If only one of them had a wealthy relative or, barring that, a sick one with a good insurance policy. The right kind of dead family member would have really come in handy right then. Too bad none of them had an expendable relative. But perhaps, Marino suggested, they could create one — someone no one would miss, someone hardly worth keeping alive anyway.

As the story was later told, to a man, they turned to look at Mike Malloy, snoring off another bender in the backroom bar. And at the moment, in a ragtag speakeasy in the Bronx, was chosen the worst possible victim of a murder scheme, a man the newspapers would later dub “Mike the Durable.”

The saga of the almost invincible Mike, the improbably cursed murder syndicate, and the investigation that sent all four of those card players to the electric chair, is probably my favorite true crime story from The Poisoner’s Handbook. It’s Alfred Hitchcock material, a dark comedy of errors, or the stuff of Greek tragedy, with Nemesis hovering nearby. It’s a classic example of that familiar saying: you couldn’t make it up.

The conspirators in the Malloy scheme finalized their plans in January of 1933, clustered around a table at that no-name speakeasy. They persuaded their amiable victim to pose as the brother of bartender Red Murphy – in exchange for free whiskey. They took out two insurance policies with a combined payout of $1,800, big money in the breadline days.

In addition to Murphy, the others in the oddly assembled plot included Marino, a fruit vendor named Daniel Kriesberg, and Frank Pasqua, an increasingly money-strapped funeral home director. Their initial idea was simple. Prohibition was still in effect, and New York City was awash in poison alcohol, the product of shoddy home brews, government efforts to contaminate the liquor supply as an enforcement tool, and bootlegger concoctions. They would provide Malloy with a generous allotment of bad alcohol and watch him go down to the floor, just another victim of the speakeasy life.

But the old derelict thrived on bad whiskey. He drank himself into a stupor every night, and returned every next day looking for more. So they decided on poisonous snacks to go with the liquor – bad oysters, rotten sardine sandwiches, sandwiches with metal shavings, sandwiches with glass. He loved those too.
He seemed to be gaining weight, in fact.
A frustrated month later, the conspirators had yet another plan. They waited one night until he passed out, carried him to a park bench on a freezing February night and poured water on him. He didn’t even wake up during the soaking. But he was back next night without so much as catching a cold. Finally, the exasperated would-be killers bribed a cab driver to run over Malloy in a nearby street. And – just their luck – a policeman found him after the accident and took the battered victim to a hospital. Malloy was back in the bar, bragging about a broken collar bone, asking for a drink, a few weeks later.

It wasn’t until the end of February that they found the right weapon. Two of the men rented a room in an old boarding house with gas lighting. Once Malloy was again good and drunk, they hauled him there, connected a hose to the gas valve, ran it into the old man’s mouth. The illuminating gas was dense with that lethal poison, carbon monoxide. This time, Malloy barely lasted ten minutes.

The conspirators got the body buried quickly, quickly went to collect their payout. But unfortunately – at least for them – the story of the indestructible Malloy was too good to stay secret. It started circulating in other bars, making its way round other card games, until the Bronx police picked the rumors and, skeptically at first, began an investigation.

And the conspirators had other bad luck too.
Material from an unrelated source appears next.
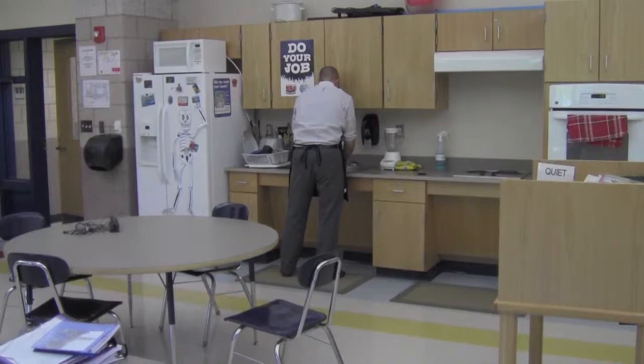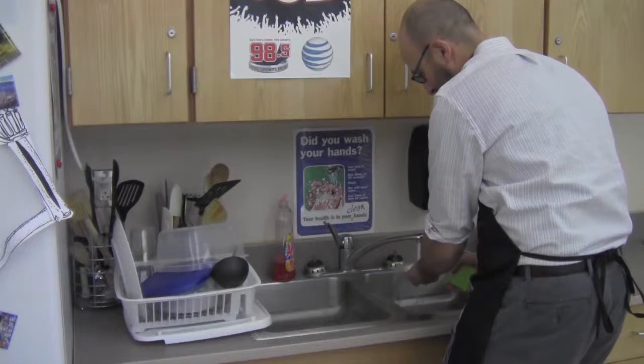Why are we washing dishes? Because I ate lunch and now I have to clean up after myself. When dishes are dirty, George Stamides knows how to get them clean.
They’d paid a corrupt local doctor to sign a death certificate attributing Malloy’s death to poison alcohol. But city forensic scientists exhumed the body. And even though this was several months after the death, by that time researchers knew that it was a durable poison. Laboratory analysis easily found lethal levels of carbon monoxide in the corpse.

Both the cab driver and the physician made deals and testified for the prosecution. And Murphy, Marino, Kriesberg and Pasqua all went to the electric chair in the summer of 1934. A reporter for the now-vanished New York Daily Mirror recorded the execution in a grim staccato: “The kw-e-e- of the dynamo. Two thousand volts and ten amperes. The rip-saw current that tears one apart. Three shocks.” It was, he wrote, “the State’s toast to old ‘Mike the Durable’.”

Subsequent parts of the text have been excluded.